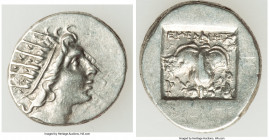 CARIAN ISLANDS. Rhodes. Ca. 88-84 BC. AR drachm (15mm, 2.90 gm, 11h). Choice XF. Plinthophoric standard, Euphanes, magistrate. Radiate head of Helios ...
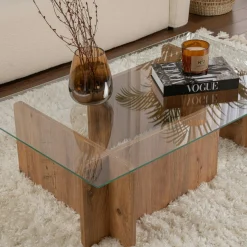 Table basse en verre déstructurée – base effet bois SALTA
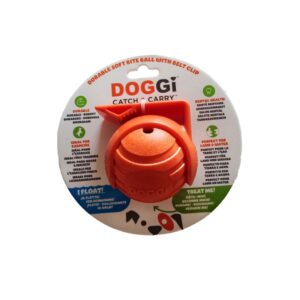 DOGGI Ball N Clip (15,5x15,5x6 cm) - Pelota Flotante para Perro con Soporte de Cinturón, Rellenable con Premios en color Naranja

=== EXERCISE ===
Word for word, print all of the data; skip the pictures.

=== YOUR RESPONSE ===
 CARIAN ISLANDS. Rhodes. Ca. 88-84 BC. AR drachm (15mm, 2.90 gm, 11h). Choice XF. Plinthophoric standard, Euphanes, magistrate. Radiate head of Helios ...
 Table basse en verre déstructurée – base effet bois SALTA
 DOGGI Ball N Clip (15,5x15,5x6 cm) - Pelota Flotante para Perro con Soporte de Cinturón, Rellenable con Premios en color Naranja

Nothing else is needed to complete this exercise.